Kathleen was just concluding a portrait workshop with her students, each of whom was engrossed in the study of a female head in closeup. The assignment was to translate a black and white photograph into an acrylic painting, using a palette selected by the instructor. All of the students were doing a pretty decent job of it, as far as I could tell. We also had a chat with the housekeeper Ginger, a Canadian who has lived in P.V. for 15 years. Above is the dusty country road that leads to the casa, as you can see, it does not get much action.

We had a good look around the studio and living area but could not see the artist casitas because both of them were full. Rather than bother with a cab on the way back, we strolled down the hill to the dusty road to wait for the one bus that rolls through these parts. This is really the back of beyond, one store, one cafe with nice cold beer, four half dressed old men, and many hungry street dogs, a world away from tourism central on the beach. The bus ride back was interesting, full of school kids and one lost Gringo who had caught the wrong bus on his way to the Marina. All the school kids were fascinated by Ty, staring at him and giggling behind their hands.

Later that evening, we made our way back down the 1001 cement steps from our apartment to the dark hillside road to Basilio Badillo and the South Side Shuffle, PV’s biweekly art, music, and shopping extravaganza. Since neither of us see all that well in the dark anymore, we both brought our headlamps to shine a thin bead of light on the pavement. Between 6 and 10 pm, most of the galleries and shops are open late in this area, serving wine and cookies to the culterati throngs, who mix, mingle, and sometimes dance up a storm to the retro beats of the 60s and 70s. (In the afternoon I had a moment with her majesty below, whose skeletal well-dressed beauty reminded me of the more serious memento mori art works one can see all over Italy.

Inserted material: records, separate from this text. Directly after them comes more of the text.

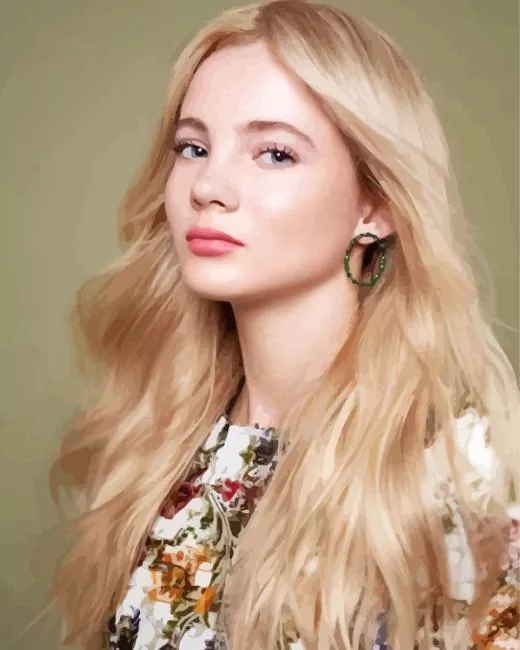 gorgeous Freya Allan Diamond By Numbers Gorgeous Freya Allan Diamond Painting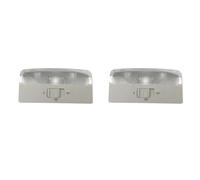 KFJFDHES Lampe de Lecture pour Toit de Voiture Q2-2X lampe de lecture grise lampe intérieure/adapté for 9N 6R T5 2002-2015 Bora 2002-2005 Caddy 2004-2015 Fabia Seat 6QD947105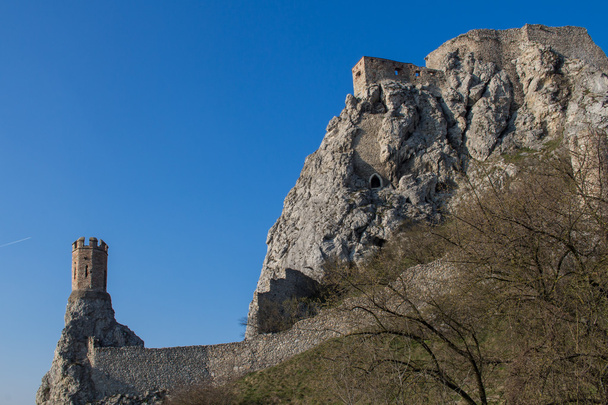 Devin castle and Maiden Tower, Slovakia - Photo, Image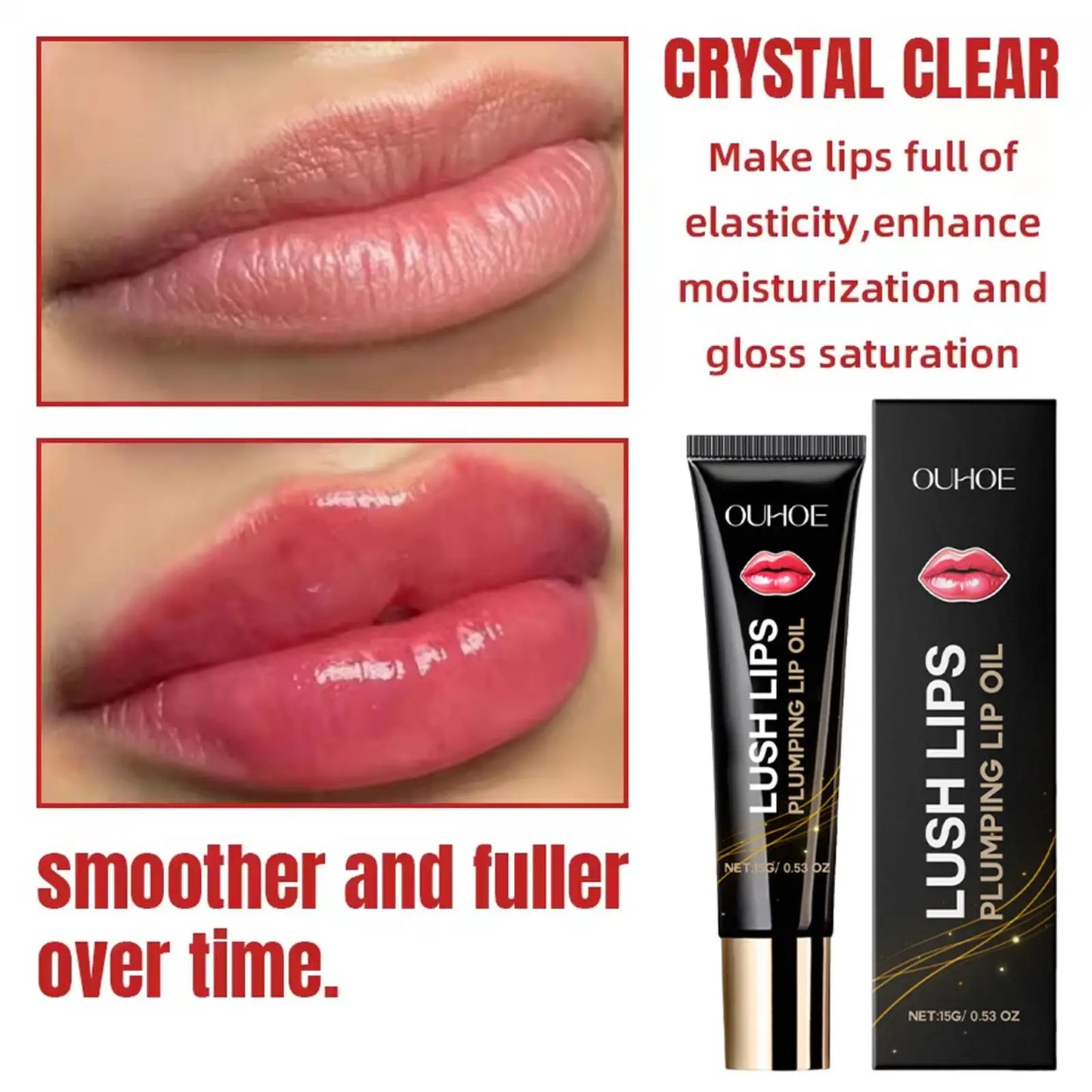Lip Plumper Oil Instantly Volumising Increase Lip Elasticity Long-lasting Moisturize Lip Plumper Gloss Sexy Beauty Makeup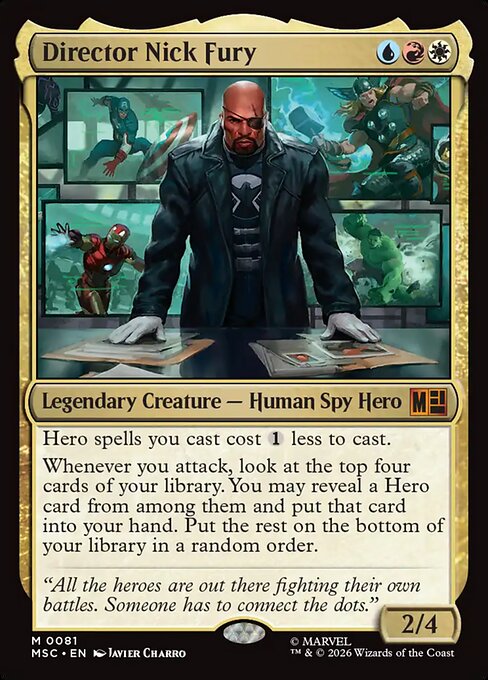 Director Nick Fury - Marvel Super Heroes Commander (MSC) #81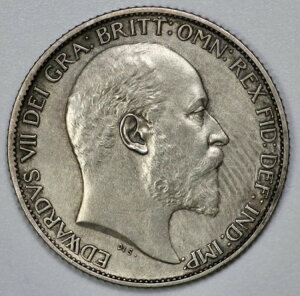 1902年 イギリス エドワード7世 シックスペンス マットプルーフ UNC 6ペンス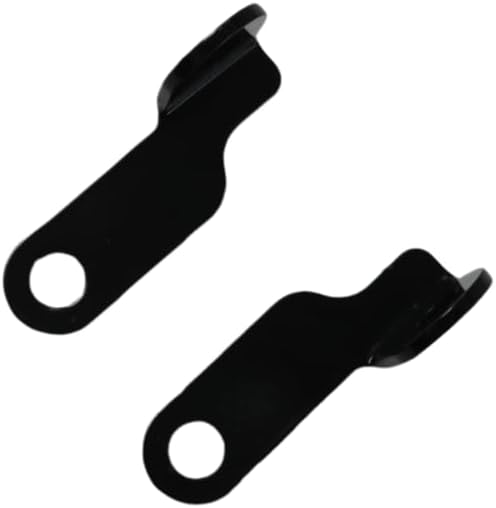 Black Motorcycle Fork Clamp Turn Signal Light Mount Bracket Holder for Harley Davidson Dyna 91-05&Sportster XL 883 1200 97-04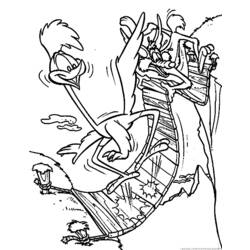 Dibujo para colorear: Road Runner y Wile E. Coyote (Dibujos Animados y Series Animadas) #47303 - Dibujos para Colorear e Imprimir Gratis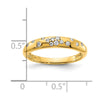 Gold Polished Fancy Diamond Rings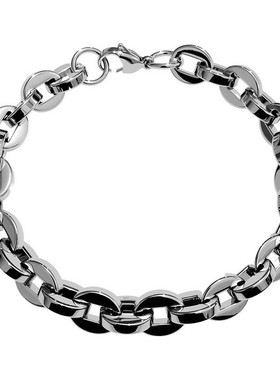 钛钢不掉色龙骨链手链男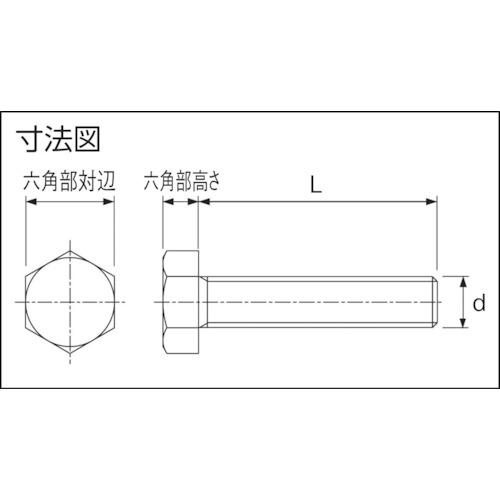 ■TRUSCO ポリエーテルエーテルケトン(PEEK)六角ボルト M6X30 50本入〔品番:BPEEKBTM6X30〕【2081677:0】[店頭受取不可]_1
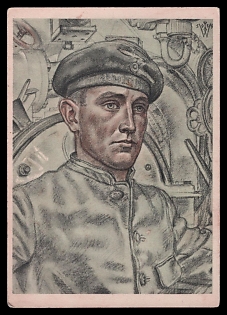 High Rank Military Personnel Portrait Third Reich Nazi Propaganda Postcard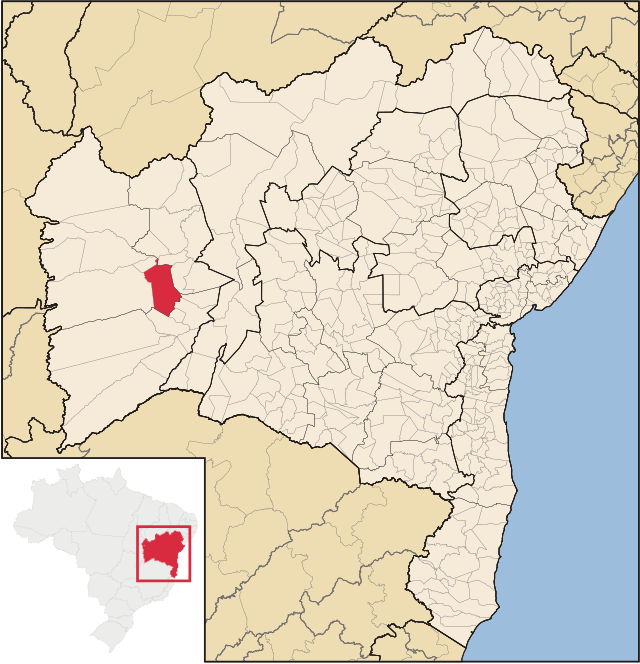 Localização de Baianópolis na Bahia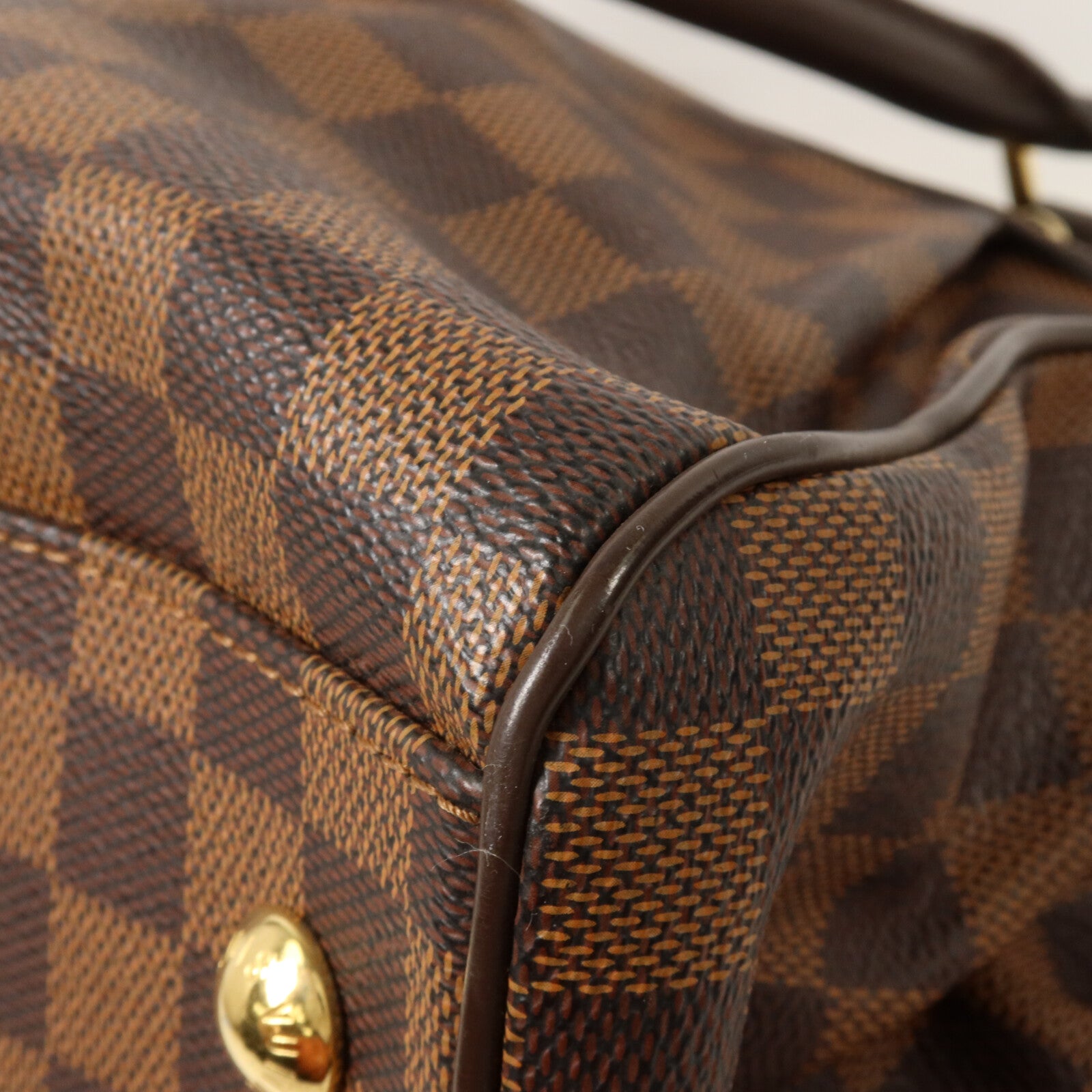 LOUIS VUITTON Damier Trevi PM手挽肩背兩用袋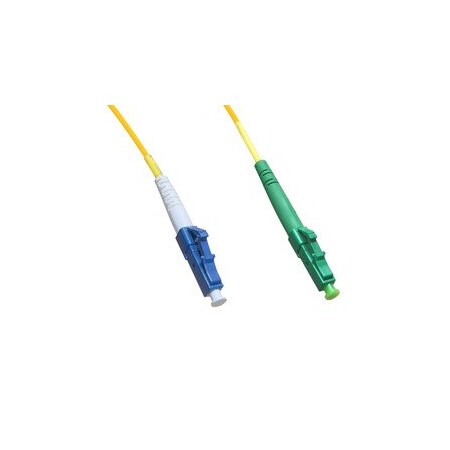 Cable Wholesale LC/UPC to LC/APC OS2 Simplex 2.0mm Fiber Optic Patch Cord, OFNR, Singlemode 9/125, Yellow LCLC-00602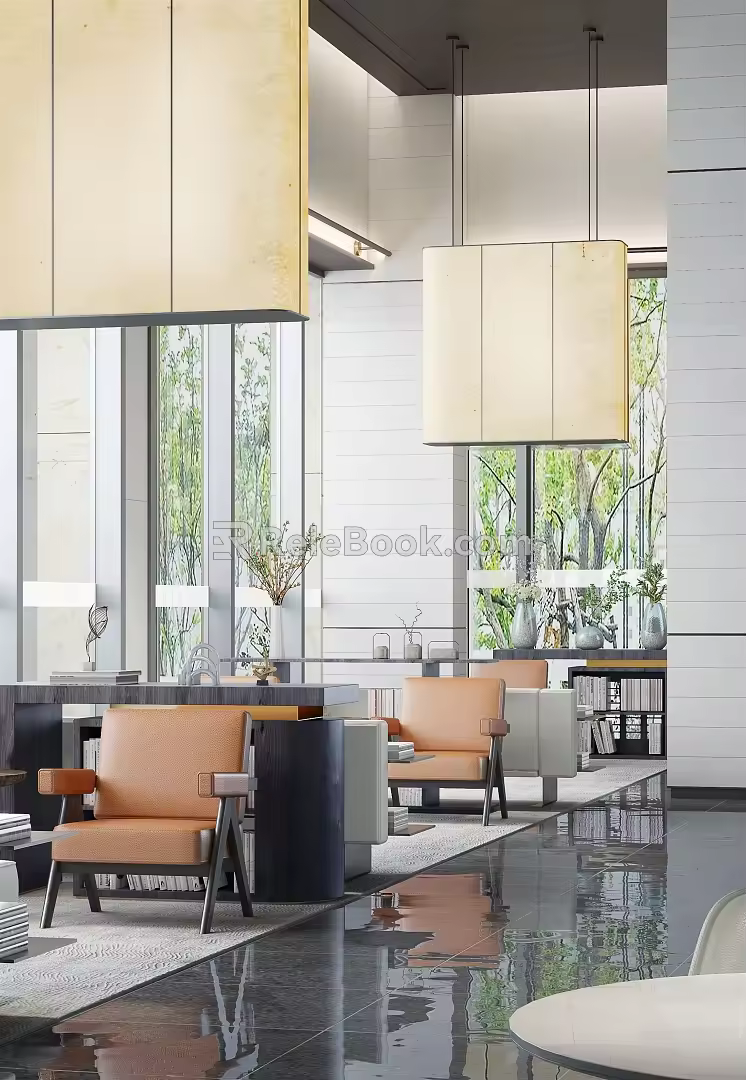 New Chinese Reception Area Six Yiyuan 3d model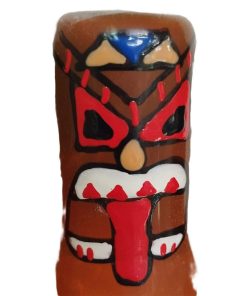 CONDOMERIE - PRESERVATIVO DECORATIVO PINTADO A MANO TÓTEM TIKI-01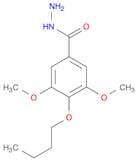 Benzoic acid, 4-butoxy-3,5-dimethoxy-, hydrazide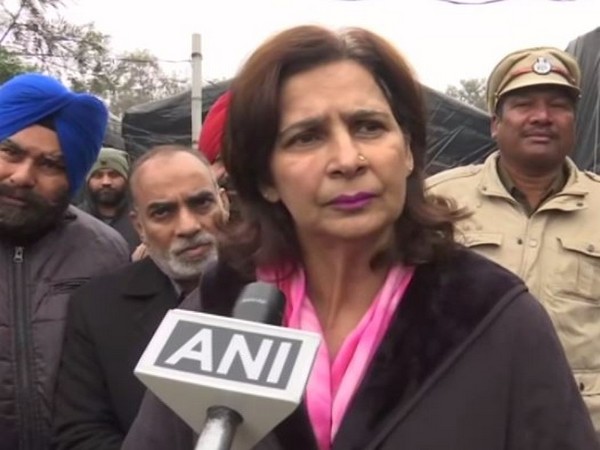Former MLA Navjot Kaur Sidhu while speaking to ANI on Thursday (Photo/ANI)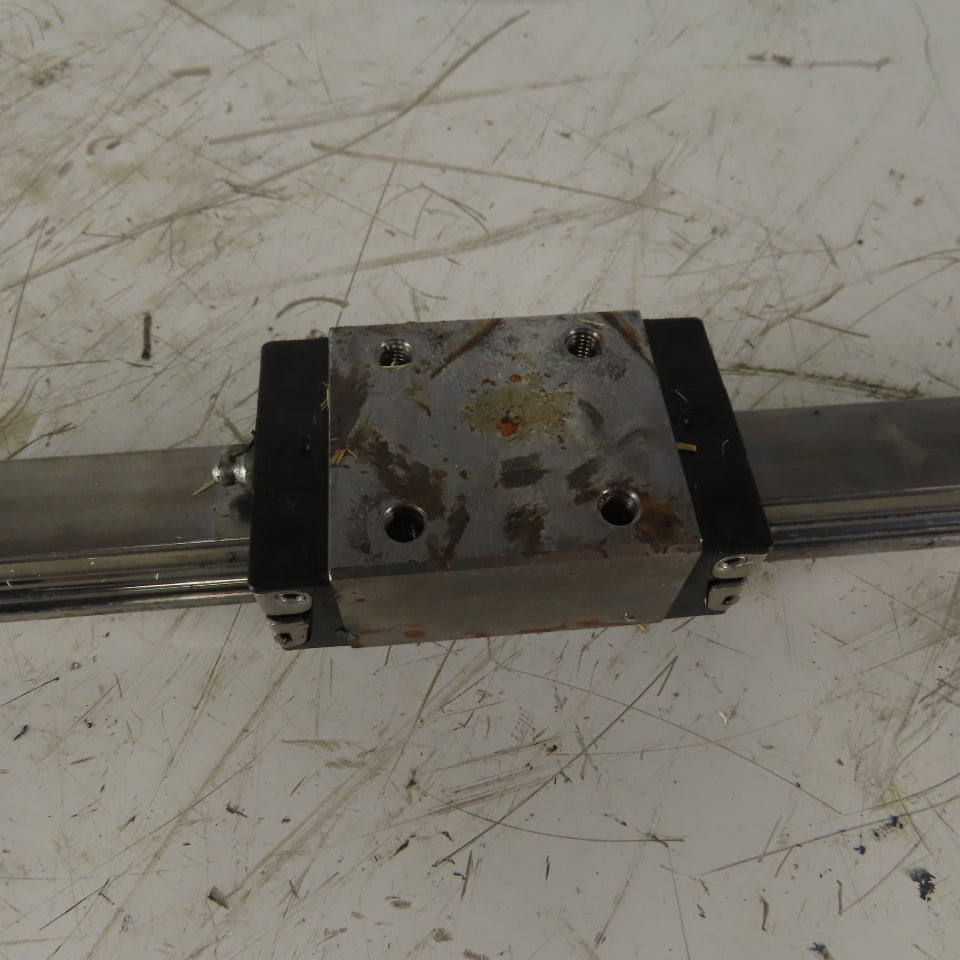 Bosch Rexroth R162171420 30mm Linear Profile Rail W/2 Bearing Blocks 1629mm OAL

Here death smiles rather than frowns.)

There are several interesting galleries on Basilio Badillo, some small one person operations like Color Pod, a studio specialising in coconut pods collected locally and vibrantly painted by Kathryn Graves, and others enormous emporia, such as Galeria Dante, Vallarta’s largest and most eclectic art space. Kathryn’s color pods are great and I really enjoyed chatting with her for a bit about her work and how she came to be in PV after having retired from the banking business in San Francisco. That’s her in the picture below in orange and green.

Although Gallery Dante is stuffed to the rafters with paintings, most some variety of surrealism, I most appreciate the sculpture in their wonderful outdoor courtyard. At the Ambos Galeria next door I also enjoyed the abstract canvases by Hector Jiminez. After a few hours of hard core art viewing, we had to rest the weary eyes and slake the dry palate with two enormous, and strong, margaritas at the Margaritaville Cafe.